An Australian Cobotics Centre roboticist is raising awareness of collaborative robots and biomimic research in a mechatronic musical installation where the lead percussionist is a collaborative robot.

Dr Fred Sukkar (right) is developing algorithms to enable natural and safe human-robot collaborative environments in the manufacturing industry at the Australian Cobotics Centre (ACC). Pictured at the centre of the musical ensemble is a collaborative robot (cobot) holding a caxixi, flanked by six mechanised drums.

UTS robotics researcher, Dr Fred Sukkar, has taken his research out of the lab and onto the streets with a robotic percussion ensemble display in Sydney’s CBD, a collaborative installation with the University of Technology Sydney, Australian Cobotics Centre, Macquarie University and Aesop Sydney. 

Based in Aesop Sydney store, the installation with an industrial edge responds autonomously to music played in the store. 

Six mechanical drums play along to music while the leader of the ensemble, a collaborative robot (cobot), shakes a basket-woven caxixi or ‘dances’ to the beat. 

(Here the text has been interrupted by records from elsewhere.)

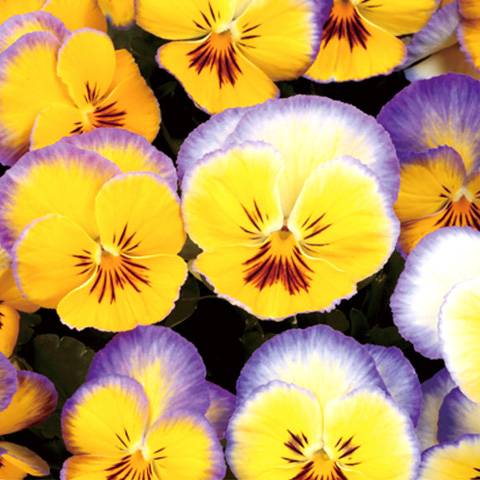 パンジー　虹色スミレ シリーズ 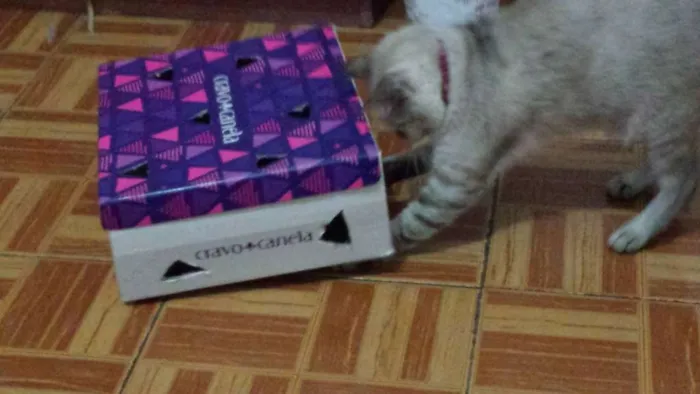 Gato ra a SRD idade 6 ou mais anos nome Copélia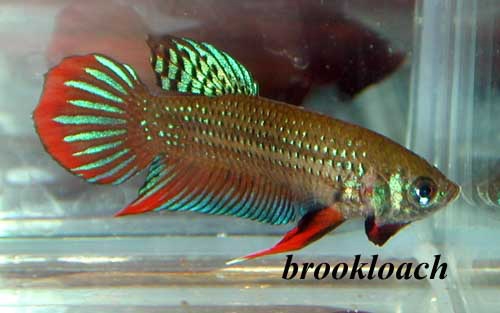 Betta imbellis (For comparison, Thanks Mr. Brookloach)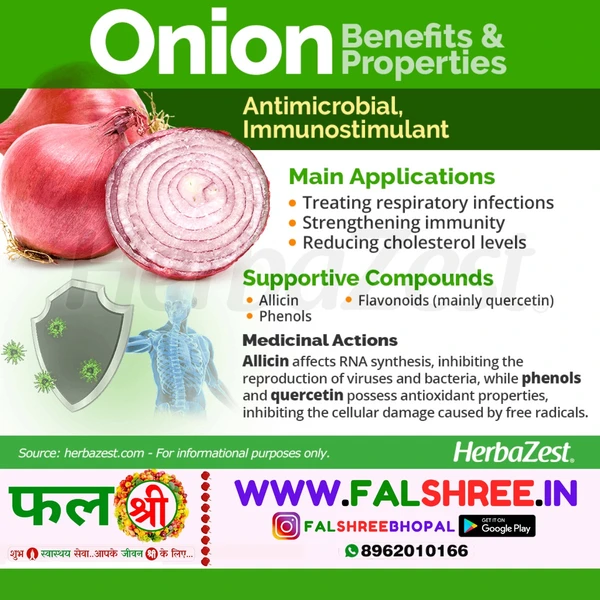 ONION NEW (प्याज नया) - 1kg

“When the store plays music the system listens and extracts information, such as the rhythm and tempo, then the ensemble plays along in an interactive way to compliment the music,” said Dr Sukkar, an Australian Cobotics Centre postdoctoral research fellow based at the UTS Robotics Institute.  

For the cobot to learn how to play the caxixi, Dr Sukkar used motion capture cameras and reflective markers to record a human percussionist, then the robot replicates this movement.  

“My biomimic cobots research aims to transfer skills to robots through human demonstration,” he said.

The idea of translating human motion to a cobot is useful in our industry projects for intuitively teaching new skills and ultimately integrating cobots more naturally into workplaces.


Dr Fouad (Fred) Sukkar, Australian Cobotics Centre | UTS Robotics Institute 

Dr Sukkar said, the mechanised ensemble was conceptualised and constructed by Dr Richard Savery, a developer of artificial intelligence and robotics and research fellow  at Macquarie University.

“Richard combines music with robotics in a creative way to evoke human emotion.” 

The cobotic musical installation can be found in the Aesop Sydney store, located in Pitt St Mall and will be on display until 19 November.